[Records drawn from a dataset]

□ □ □

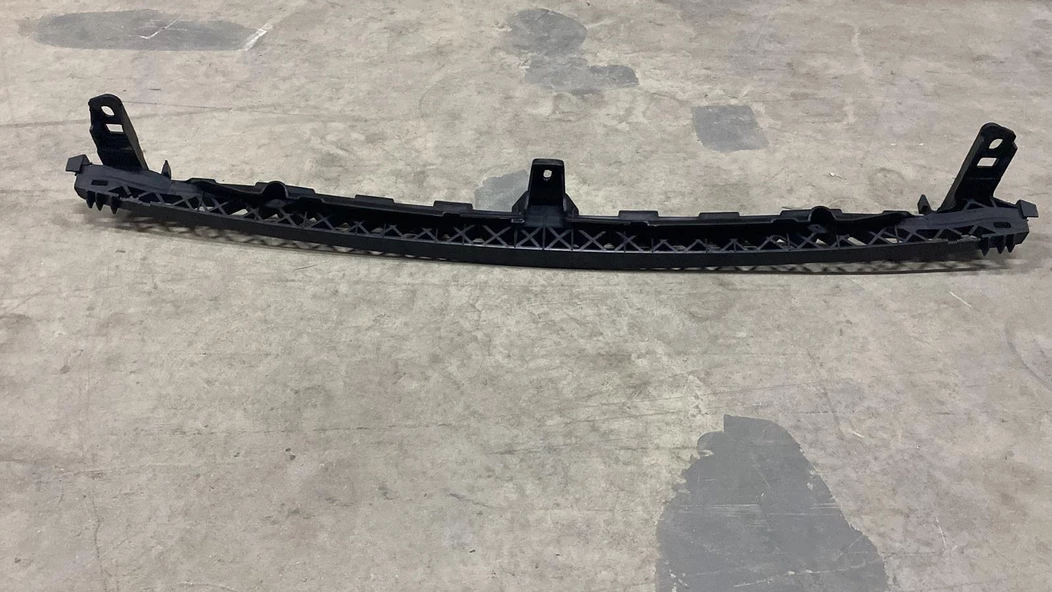 PANEL BRAKETI ON ORTA VW GOLF7 DIZEL 13-17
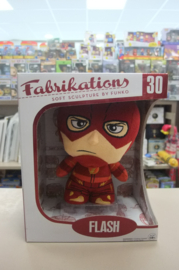 The Flash 30 Fabrikations DC
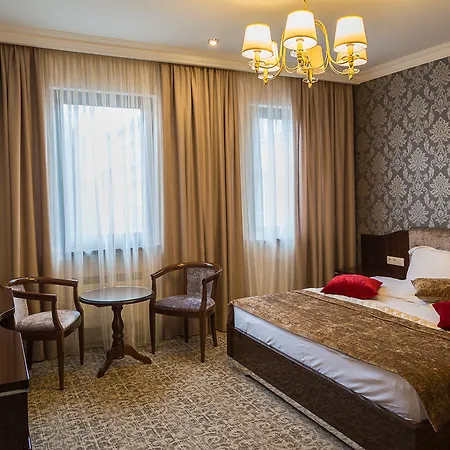 De Volan Boutique Готель 4*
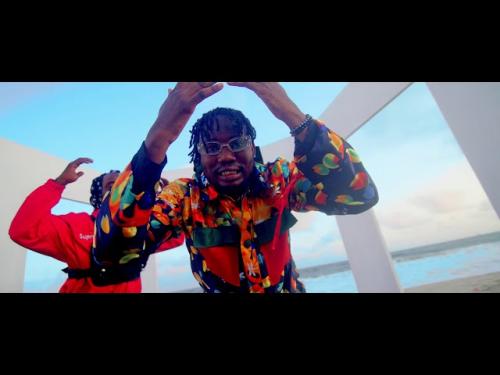 VIDEO: Famous Igboro x Qdot - All Made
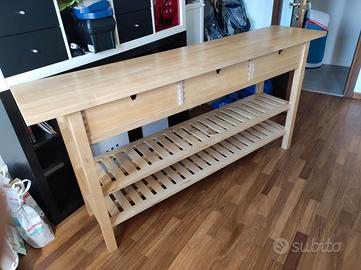 mobile isola IKEA norden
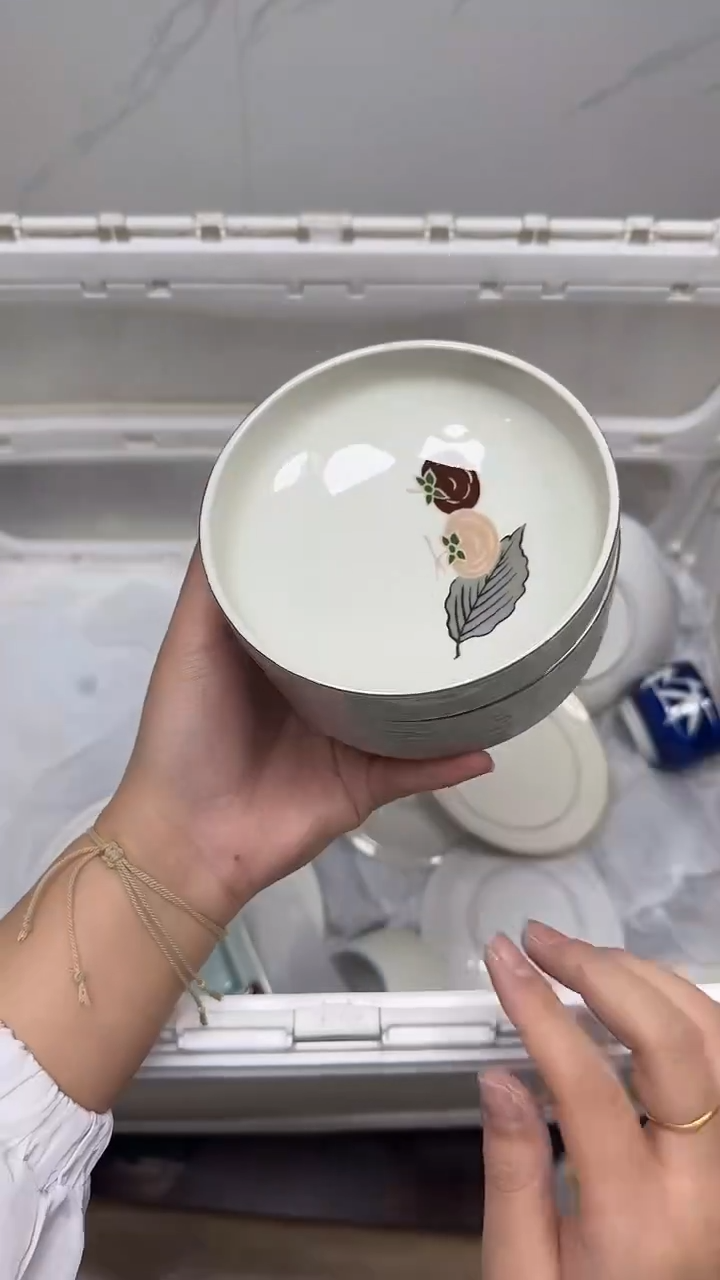 【闪购商品】413回流瓷器默认微瑕，18.8包邮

□ □ □

→ Problem: Please print the data above once more, exactly and without images.

→ Written response:
 PANEL BRAKETI ON ORTA VW GOLF7 DIZEL 13-17
 The Flash 30 Fabrikations DC
 De Volan Boutique Готель 4*
 VIDEO: Famous Igboro x Qdot - All Made
 mobile isola IKEA norden
 【闪购商品】413回流瓷器默认微瑕，18.8包邮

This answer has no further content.